Теперь Болдуин согласился обсудить условия мира. Зима приближалась, осенние дожди во Фракии были обильными и студеными. Для войска, которое предполагало встретить Рождество в Константинополе, поражение при Мосинополе оказалось, вероятно, деморализующим, хотя его стратегическое значение было невелико; однако греки не стали испытывать судьбу. Опасаясь, что противник использует мирные переговоры в своих интересах, чтобы затем застать их врасплох, они решили ударить первыми. Уже сицилийцев застигли врасплох, и они обратились в бегство. Часть зарубили на бегу, многие другие утонули при попытках переправиться через реку Стримон, чей уровень значительно поднялся из-за дождей, а остальные, в том числе сам Болдуин, угодили в плен. Из тех, кому удалось спастись, немало количество достигло Фессалоник, где они погрузились на корабли и двинулись обратно на Сицилию. Поскольку, однако, большая часть сицилийского флота еще ожидала у Константинополя, большинству беглецов в Фессалониках повезло меньше. Местные жители восстали, устроили масштабную и кровавую месть за все унижения, какие им пришлось вынести тремя месяцами ранее. Из огромного войска, столь горделиво покинувшего остров летом, лишь бледная тень плелась назад по обледеневшим горным перевалам в Дураццо. Невредимым возвратился разве что флот.

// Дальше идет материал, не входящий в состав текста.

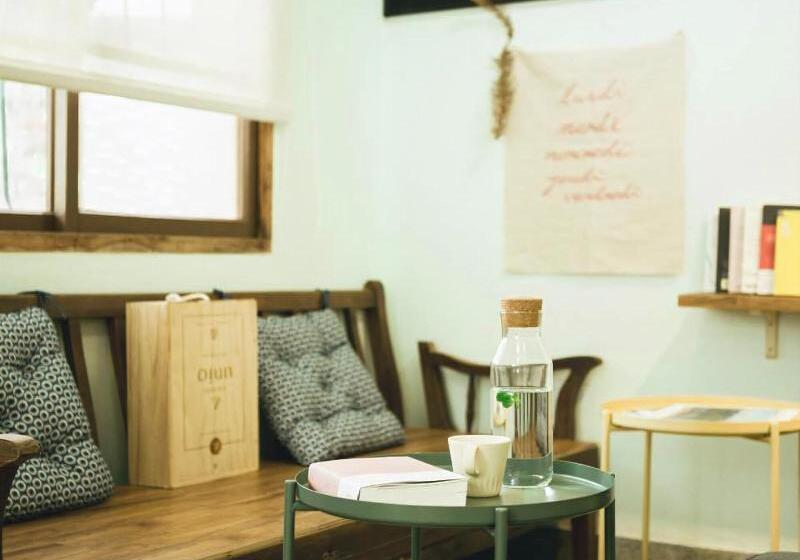 پانسیون Une Famille Tainan B&b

Последнее оказалось очень кстати. Два года спустя тот же флот получил приказ плыть в Палестину. Вильгельм наконец согласился забыть о своих разногласиях с Византией; появились более важные дела – в пятницу, 2 октября 1187 года, мусульманские войска под командой Саладина заняли Иерусалим. Само будущее христианства в Святой земле повисло на волоске.


История безнадежно неудачного Третьего крестового похода, к счастью, остается за пределами нашего исследования; достаточно будет сказать, что сицилийский флот под командованием блестящего молодого флотоводца Маргарита из Бриндизи действовал весьма эффективно и сохранил Триполи и Тир (хотя бы временно) для христиан. Маргарит – «новый Нептун» – быстро прославился по всему христианскому миру; он мог бы стать еще более известным и расширить сферу своего влияния, сумей сицилийцы набрать то могучее войско, которое грезилось их королю. Но всякие надежды на триумф в Крестовом походе внезапно рухнули, когда 18 ноября 1189 года Вильгельм Добрый умер в Палермо в возрасте тридцати шести лет.